Imaging with Gain Errors and Self Calibration

First, re-simulate by starting from ideal visibilities, and adding gain errors and noise.

[38]:
# Predict visibilities
predictSim(usemod='im')
[39]:
# Simulate antenna gain errors
addGainErrors()
# Add noise on top of the gain-corrupted data
addNoiseSim()
# Display
plotData(myplot='data_spectrum')
../../_images/examples_community_simulation_script_demo_71_0.png

Image the corrupted data

[40]:
# Call tclean
os.system('rm -rf try3.*')

tclean(vis='sim_data.ms',
       imagename='try3',
       datacolumn='data',
       imsize=300,
       cell='8.0arcsec',
       specmode='cube',
       interpolation='nearest',
       gridder='standard',
       niter=150,         # Don't go too deep since the data are corrupted
       gain=0.3,
       mask='circle[[150pix,150pix],3pix]',    # Give it a mask to help.

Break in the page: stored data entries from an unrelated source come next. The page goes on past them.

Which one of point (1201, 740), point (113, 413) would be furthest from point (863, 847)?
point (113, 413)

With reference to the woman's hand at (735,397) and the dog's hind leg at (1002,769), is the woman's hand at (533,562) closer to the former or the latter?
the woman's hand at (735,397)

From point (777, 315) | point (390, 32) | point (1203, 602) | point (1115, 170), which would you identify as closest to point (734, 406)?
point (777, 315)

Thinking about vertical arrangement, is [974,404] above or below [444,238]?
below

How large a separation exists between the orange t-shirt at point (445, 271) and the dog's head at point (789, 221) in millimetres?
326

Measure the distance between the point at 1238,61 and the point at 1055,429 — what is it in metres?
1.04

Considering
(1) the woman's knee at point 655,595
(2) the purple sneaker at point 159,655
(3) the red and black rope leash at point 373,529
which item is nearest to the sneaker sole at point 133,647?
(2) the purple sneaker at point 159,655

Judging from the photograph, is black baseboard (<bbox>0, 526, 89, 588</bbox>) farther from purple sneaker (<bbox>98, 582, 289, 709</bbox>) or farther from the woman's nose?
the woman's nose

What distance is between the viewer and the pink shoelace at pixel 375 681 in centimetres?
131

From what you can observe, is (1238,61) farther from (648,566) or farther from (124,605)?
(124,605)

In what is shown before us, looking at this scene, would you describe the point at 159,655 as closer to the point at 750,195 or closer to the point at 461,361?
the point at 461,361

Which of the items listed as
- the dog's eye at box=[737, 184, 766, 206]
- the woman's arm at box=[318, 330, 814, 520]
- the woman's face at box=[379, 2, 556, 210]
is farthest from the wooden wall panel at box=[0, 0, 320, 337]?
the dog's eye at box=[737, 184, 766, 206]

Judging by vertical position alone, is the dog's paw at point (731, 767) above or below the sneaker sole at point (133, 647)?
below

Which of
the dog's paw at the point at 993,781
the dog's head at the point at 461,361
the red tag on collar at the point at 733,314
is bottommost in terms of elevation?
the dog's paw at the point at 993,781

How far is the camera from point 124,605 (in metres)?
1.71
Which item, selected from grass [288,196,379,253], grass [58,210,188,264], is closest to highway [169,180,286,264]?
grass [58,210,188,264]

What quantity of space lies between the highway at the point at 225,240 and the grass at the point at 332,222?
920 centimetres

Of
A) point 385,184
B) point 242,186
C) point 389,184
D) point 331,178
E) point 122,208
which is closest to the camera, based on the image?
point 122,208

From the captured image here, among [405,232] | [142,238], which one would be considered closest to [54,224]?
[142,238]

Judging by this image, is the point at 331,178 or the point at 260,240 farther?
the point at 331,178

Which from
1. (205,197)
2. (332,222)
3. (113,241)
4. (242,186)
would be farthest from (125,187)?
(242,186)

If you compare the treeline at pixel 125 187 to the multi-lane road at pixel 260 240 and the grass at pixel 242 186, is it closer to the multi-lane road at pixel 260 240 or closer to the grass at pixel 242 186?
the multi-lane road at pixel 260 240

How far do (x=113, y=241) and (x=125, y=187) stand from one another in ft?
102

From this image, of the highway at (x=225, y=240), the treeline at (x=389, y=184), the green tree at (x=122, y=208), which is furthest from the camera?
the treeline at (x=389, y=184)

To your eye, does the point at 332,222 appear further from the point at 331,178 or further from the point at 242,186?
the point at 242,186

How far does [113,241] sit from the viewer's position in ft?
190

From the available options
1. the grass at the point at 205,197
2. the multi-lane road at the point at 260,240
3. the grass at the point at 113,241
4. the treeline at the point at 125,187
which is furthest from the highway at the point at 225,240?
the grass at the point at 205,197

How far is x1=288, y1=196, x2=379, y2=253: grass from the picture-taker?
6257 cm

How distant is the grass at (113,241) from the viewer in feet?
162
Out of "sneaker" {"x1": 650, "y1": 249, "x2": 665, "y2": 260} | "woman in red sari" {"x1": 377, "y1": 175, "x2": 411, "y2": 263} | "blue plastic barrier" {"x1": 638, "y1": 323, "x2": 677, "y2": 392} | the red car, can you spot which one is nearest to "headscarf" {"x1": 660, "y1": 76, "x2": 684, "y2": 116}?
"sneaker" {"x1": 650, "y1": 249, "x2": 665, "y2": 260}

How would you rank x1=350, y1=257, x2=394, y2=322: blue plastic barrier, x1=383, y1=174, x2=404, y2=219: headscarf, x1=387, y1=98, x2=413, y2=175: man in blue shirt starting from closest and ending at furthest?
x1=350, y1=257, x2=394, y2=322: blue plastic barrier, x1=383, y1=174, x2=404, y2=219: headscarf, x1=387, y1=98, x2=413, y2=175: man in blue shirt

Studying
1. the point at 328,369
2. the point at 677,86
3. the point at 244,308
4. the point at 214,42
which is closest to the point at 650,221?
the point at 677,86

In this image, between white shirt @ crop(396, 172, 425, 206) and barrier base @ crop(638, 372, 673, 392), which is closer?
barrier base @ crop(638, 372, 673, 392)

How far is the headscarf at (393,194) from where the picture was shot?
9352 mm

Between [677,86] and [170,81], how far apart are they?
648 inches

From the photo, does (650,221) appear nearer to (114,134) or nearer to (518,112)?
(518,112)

Without this, the self-cal isn't as good.
       savemodel='modelcolumn')
[40]:
{}
[41]:
# Display the output restored image
dispImage('try3.image')
../../_images/examples_community_simulation_script_demo_74_0.png
[42]:
# Display the new residual image
dispImage('try3.residual')
../../_images/examples_community_simulation_script_demo_75_0.png

This image shows artifacts from gain errors (different from the pure noise-like errors in the previous simulation)

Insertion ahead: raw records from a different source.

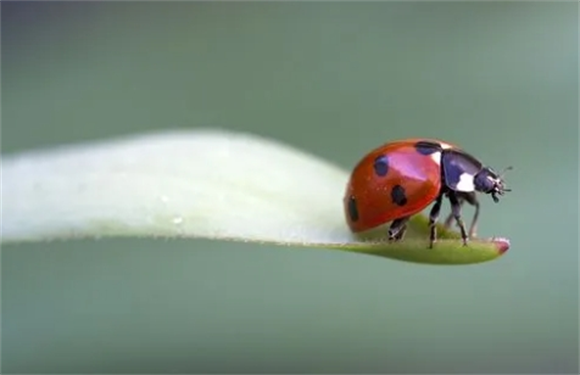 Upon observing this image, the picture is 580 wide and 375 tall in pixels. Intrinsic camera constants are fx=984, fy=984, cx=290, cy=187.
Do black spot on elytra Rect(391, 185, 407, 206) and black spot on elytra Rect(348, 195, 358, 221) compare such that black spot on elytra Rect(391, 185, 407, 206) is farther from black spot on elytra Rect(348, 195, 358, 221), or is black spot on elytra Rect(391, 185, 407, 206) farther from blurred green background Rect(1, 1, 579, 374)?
blurred green background Rect(1, 1, 579, 374)

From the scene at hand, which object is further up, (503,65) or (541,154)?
(503,65)

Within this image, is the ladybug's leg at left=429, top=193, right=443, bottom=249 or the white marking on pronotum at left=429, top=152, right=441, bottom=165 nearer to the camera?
the ladybug's leg at left=429, top=193, right=443, bottom=249

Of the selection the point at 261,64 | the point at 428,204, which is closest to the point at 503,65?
the point at 261,64

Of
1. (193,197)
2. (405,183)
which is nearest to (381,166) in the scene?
(405,183)

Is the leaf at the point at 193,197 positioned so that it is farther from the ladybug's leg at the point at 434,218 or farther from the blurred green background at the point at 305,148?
the blurred green background at the point at 305,148

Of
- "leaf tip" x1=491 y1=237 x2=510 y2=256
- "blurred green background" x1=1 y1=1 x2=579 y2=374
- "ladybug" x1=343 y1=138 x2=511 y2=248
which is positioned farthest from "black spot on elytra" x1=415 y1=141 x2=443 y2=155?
"blurred green background" x1=1 y1=1 x2=579 y2=374

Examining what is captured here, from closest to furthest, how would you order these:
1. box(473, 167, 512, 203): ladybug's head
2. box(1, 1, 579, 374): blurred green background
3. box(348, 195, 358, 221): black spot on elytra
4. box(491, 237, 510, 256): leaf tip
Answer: box(491, 237, 510, 256): leaf tip → box(348, 195, 358, 221): black spot on elytra → box(473, 167, 512, 203): ladybug's head → box(1, 1, 579, 374): blurred green background

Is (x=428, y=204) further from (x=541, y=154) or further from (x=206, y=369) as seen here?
(x=541, y=154)

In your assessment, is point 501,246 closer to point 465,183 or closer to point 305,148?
point 465,183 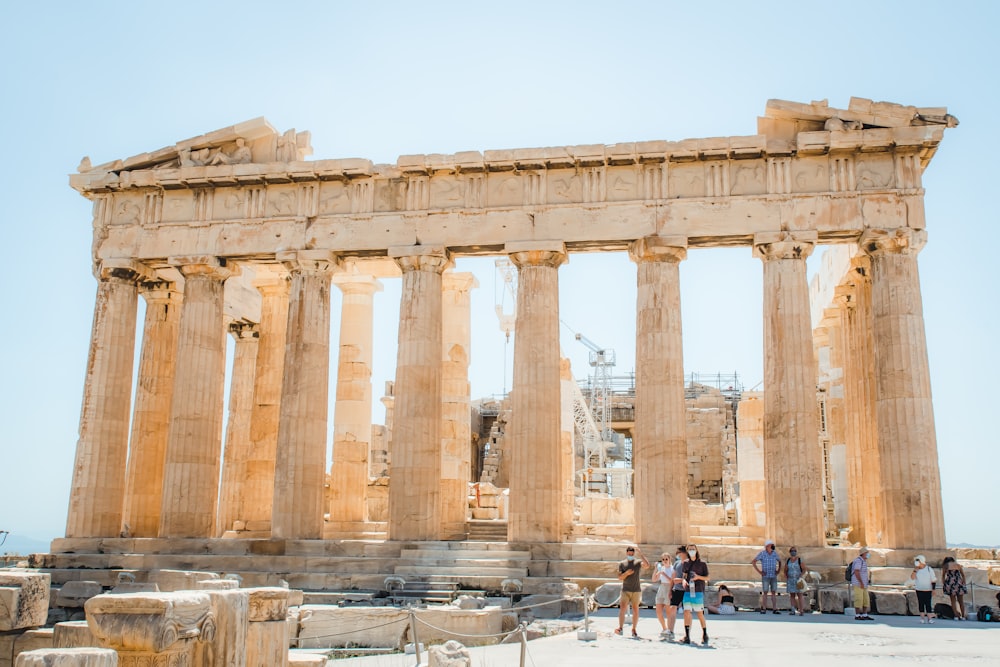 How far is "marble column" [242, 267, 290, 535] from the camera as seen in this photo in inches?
1164

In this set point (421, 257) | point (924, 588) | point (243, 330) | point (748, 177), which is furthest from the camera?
point (243, 330)

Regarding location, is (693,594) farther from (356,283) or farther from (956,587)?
(356,283)

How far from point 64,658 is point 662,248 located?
62.0 feet

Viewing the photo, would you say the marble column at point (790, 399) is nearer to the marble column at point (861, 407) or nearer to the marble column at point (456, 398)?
the marble column at point (861, 407)

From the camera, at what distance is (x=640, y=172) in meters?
25.3

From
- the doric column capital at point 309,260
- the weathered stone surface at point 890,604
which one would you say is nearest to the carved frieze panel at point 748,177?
the weathered stone surface at point 890,604

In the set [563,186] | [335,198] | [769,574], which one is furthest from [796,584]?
[335,198]

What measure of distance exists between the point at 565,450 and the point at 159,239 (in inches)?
545

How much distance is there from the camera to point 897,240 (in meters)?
23.6

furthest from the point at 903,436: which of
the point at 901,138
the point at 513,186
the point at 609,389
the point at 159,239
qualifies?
the point at 609,389

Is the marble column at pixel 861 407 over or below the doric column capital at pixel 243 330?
below

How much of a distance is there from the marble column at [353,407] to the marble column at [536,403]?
660 centimetres

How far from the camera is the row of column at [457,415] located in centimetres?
2319

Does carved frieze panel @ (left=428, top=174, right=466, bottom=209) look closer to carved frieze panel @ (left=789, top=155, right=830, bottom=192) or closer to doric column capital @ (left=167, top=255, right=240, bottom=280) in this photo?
doric column capital @ (left=167, top=255, right=240, bottom=280) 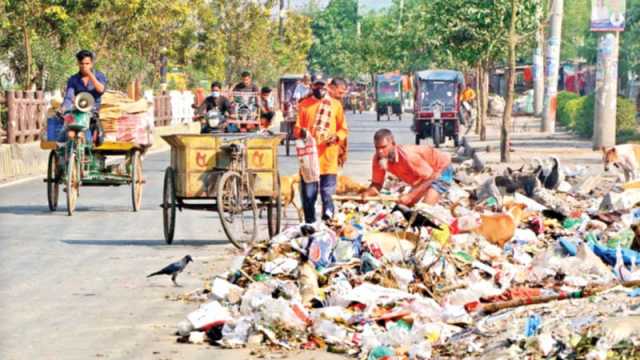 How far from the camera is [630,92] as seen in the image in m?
77.1

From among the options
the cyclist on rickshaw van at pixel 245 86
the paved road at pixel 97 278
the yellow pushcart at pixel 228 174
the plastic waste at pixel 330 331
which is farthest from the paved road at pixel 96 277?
the cyclist on rickshaw van at pixel 245 86

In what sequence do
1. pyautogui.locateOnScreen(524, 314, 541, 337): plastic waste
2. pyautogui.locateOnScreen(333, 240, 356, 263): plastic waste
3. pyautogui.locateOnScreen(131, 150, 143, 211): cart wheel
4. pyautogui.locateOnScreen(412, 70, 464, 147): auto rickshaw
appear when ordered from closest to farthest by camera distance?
pyautogui.locateOnScreen(524, 314, 541, 337): plastic waste < pyautogui.locateOnScreen(333, 240, 356, 263): plastic waste < pyautogui.locateOnScreen(131, 150, 143, 211): cart wheel < pyautogui.locateOnScreen(412, 70, 464, 147): auto rickshaw

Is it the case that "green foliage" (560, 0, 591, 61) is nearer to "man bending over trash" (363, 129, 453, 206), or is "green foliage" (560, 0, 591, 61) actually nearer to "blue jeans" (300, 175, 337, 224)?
"blue jeans" (300, 175, 337, 224)

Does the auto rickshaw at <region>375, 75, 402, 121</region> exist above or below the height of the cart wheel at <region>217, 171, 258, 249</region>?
below

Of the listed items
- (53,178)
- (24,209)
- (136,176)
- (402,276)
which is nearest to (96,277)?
(402,276)

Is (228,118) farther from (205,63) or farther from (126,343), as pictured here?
(205,63)

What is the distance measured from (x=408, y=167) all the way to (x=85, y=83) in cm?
685

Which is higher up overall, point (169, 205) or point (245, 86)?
point (245, 86)

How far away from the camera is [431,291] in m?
11.5

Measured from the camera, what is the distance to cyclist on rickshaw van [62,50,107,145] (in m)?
19.6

Calculate gain solutions (since we have already saved the model)

[43]:
bandpass(vis='sim_data.ms',
        caltable='sc.tab',solint='int')

Apply gain solutions

[44]:
applycal(vis='sim_data.ms',
        gaintable='sc.tab')
[45]:
## Plot Calibrated data
plotData(myplot='corr_spectrum')
../../_images/examples_community_simulation_script_demo_80_0.png

Compare with the above uncalibrated data. Also, compare with visibilities simulated just with noise. Subsequent imaging should use the corrected_data column.

[46]:
# Call tclean to image the corrected data
os.system('rm -rf try4.*')

tclean(vis='sim_data.ms',
       imagename='try4',
       datacolumn='corrected',
       imsize=300,
       cell='8.0arcsec',
       specmode='cube',
       interpolation='nearest',
       gridder='standard',
       niter=200,       # Go deeper now. Also, no mask needed
       gain=0.3,
       savemodel='modelcolumn')
[46]:
{}
[47]:
# Display the output restored image
dispImage('try4.image')
../../_images/examples_community_simulation_script_demo_83_0.png
[48]:
# Display the residual image
dispImage('try4.residual')
../../_images/examples_community_simulation_script_demo_84_0.png

A better-looking residual image, compared to before self-calibration.